ASSIGNMENT: Retype all of the listing exactly, passing over any picture you find.

DATA SEGMENT:
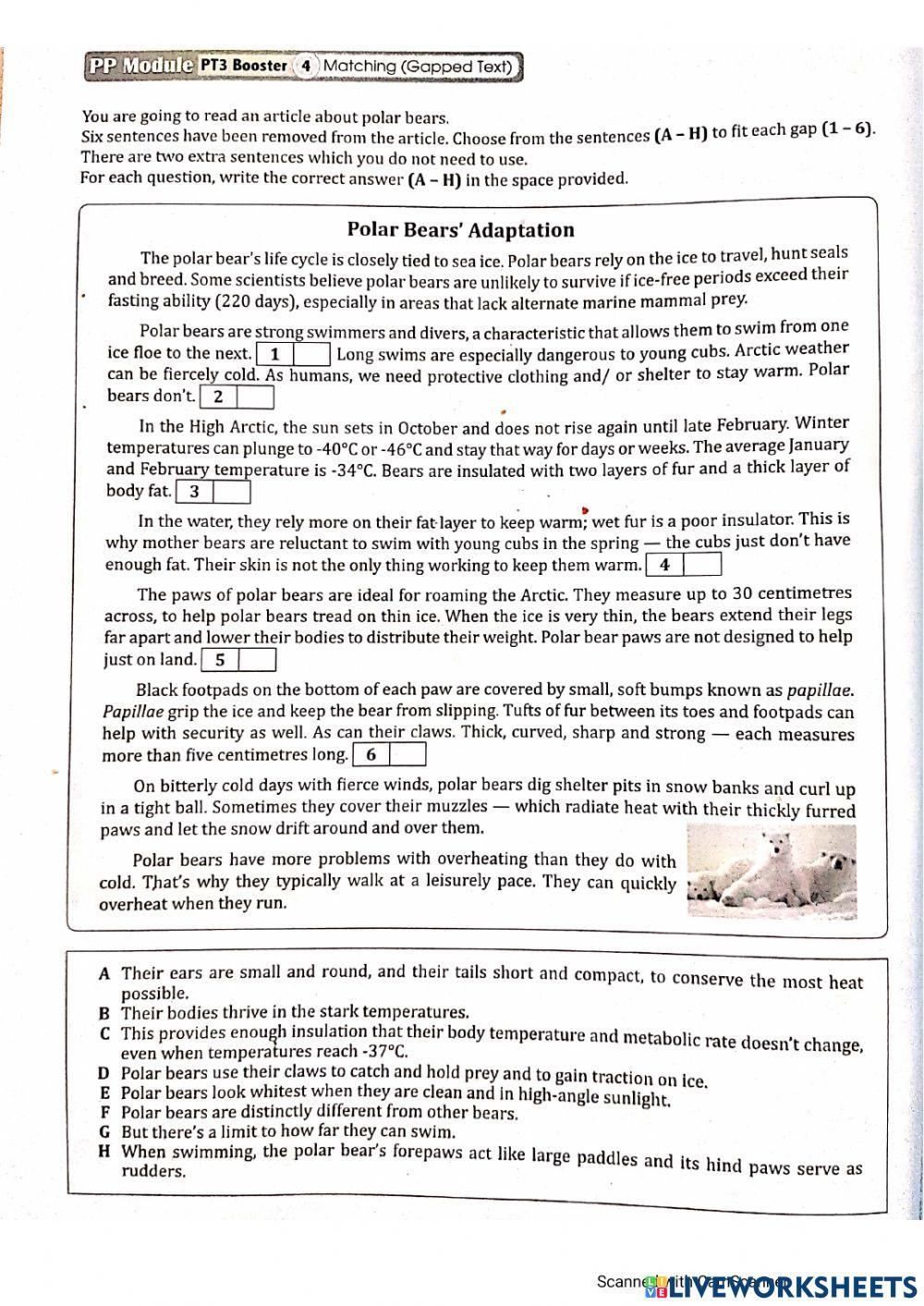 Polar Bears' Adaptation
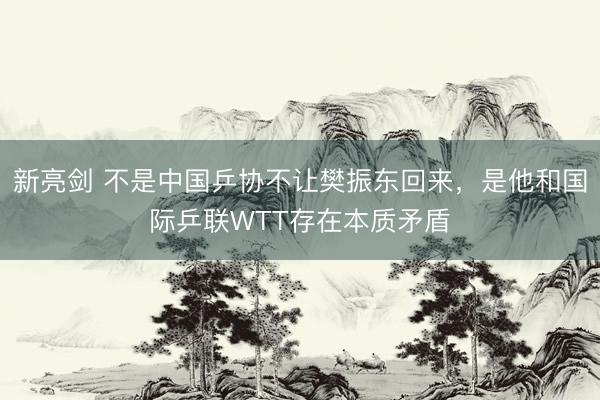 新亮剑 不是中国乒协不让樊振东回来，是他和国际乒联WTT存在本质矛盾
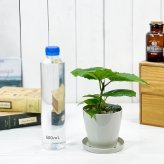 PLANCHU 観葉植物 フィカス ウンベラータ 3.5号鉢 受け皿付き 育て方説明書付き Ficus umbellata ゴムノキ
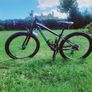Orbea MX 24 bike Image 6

WRITTEN RESPONSE:
 Polar Bears' Adaptation
 新亮剑 不是中国乒协不让樊振东回来，是他和国际乒联WTT存在本质矛盾
 PLANCHU 観葉植物 フィカス ウンベラータ 3.5号鉢 受け皿付き 育て方説明書付き Ficus umbellata ゴムノキ
Orbea MX 24 bike Image 6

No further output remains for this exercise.